Death to the Balloons

Posted in Delirium Dog, Music, Scarehouse, Video with tags , , , , , , , on April 3, 2012 by deliriumdog

I’ll explain this more in a separate post. Right now I’ll just say that I dropped $80 in neon balloons on this video, so the least you can do is watch it. If you click through to YouTube, you can choose to view it in glorious hi-rez. While you’re there, hit thumbs up and leave a pithy comment. Your support is greatly, hugely appreciated.

Summoning my Inner Tom Waits

Posted in Creativity, Delirium Dog, Music, Performance, Scarehouse, Video on January 17, 2012 by deliriumdog

In much the same manner as the DD video for Absinthe Cola, the new video (below) was a mostly unplanned, quick shoot using sets inside The ScareHouse. I’m still amazed how well their sets show up on video. They’re so beautiful that it’s like shooting fish in a barrel, really, except I’m also one of the fish in this analogy.

The role of the shooter was played by Steve Friedrick, who co-produced and co-directed the video with me. He also handled all the editing and post-production, which is great because I would have gone insane looking at myself so much. I also would have made it a lot blurrier and layered a lot more effects over my face. In fact, the extent of my contribution to post-production, when Steve was showing me draft edits, was to tell him to use more effects and to dirty it up more. The original footage (shot with my Canon T2i) was painfully crisp and clear. You could count the whiskers on my chin. I don’t know how any actor can survive the scrutiny of the HD camera lens these days. I’ve been noticing more lately how on-screen talent (from newscasters to dramatic performers) use makeup and other techniques to hide the natural process of aging. Some appear to have a “no extreme close-ups” written right into their contract. Anyway, while I’m not afraid of revealing any “age lines,” I’m still a little weirded out by seeing my face so clearly. Especially when I’m performing a caricature of evil incarnate.

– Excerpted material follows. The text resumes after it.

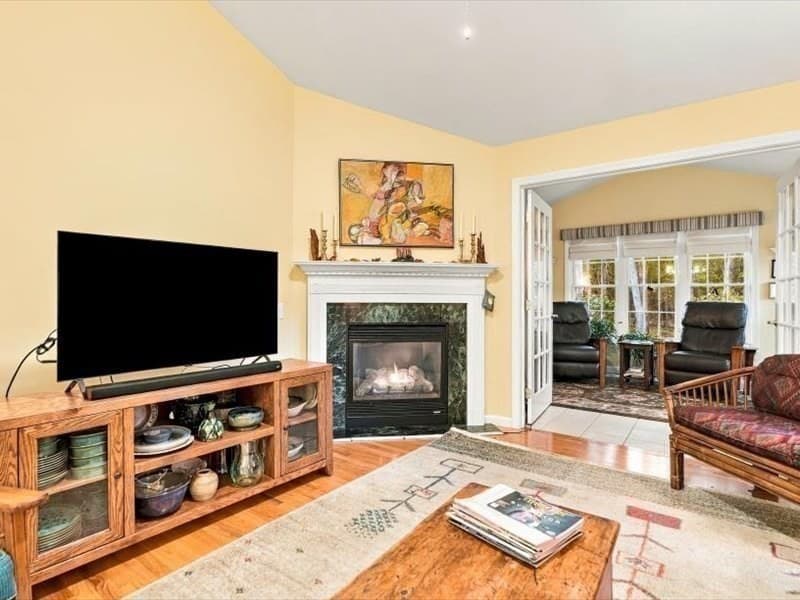 Condominium at 81 Country Squire Rd # 81, Uxbridge MA 01569, photo 13 of 35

I knew that I could not successfully embody said evil if I just played it straight (whatever “straight evil” means). So here you get me channelling Tom Waits, which, either because I’m not being very successful or because I’m not actually Mr. Waits, ends up looking unique enough for a music video. Steve brought the goggles and they are roughly half the character. That wicked smile was quite painful to hold and my jaw hurt at the end of each take. The twitchy dance technique also burned quite a few calories and I was pretty well wiped after a couple takes. Such is the price we must pay for our art.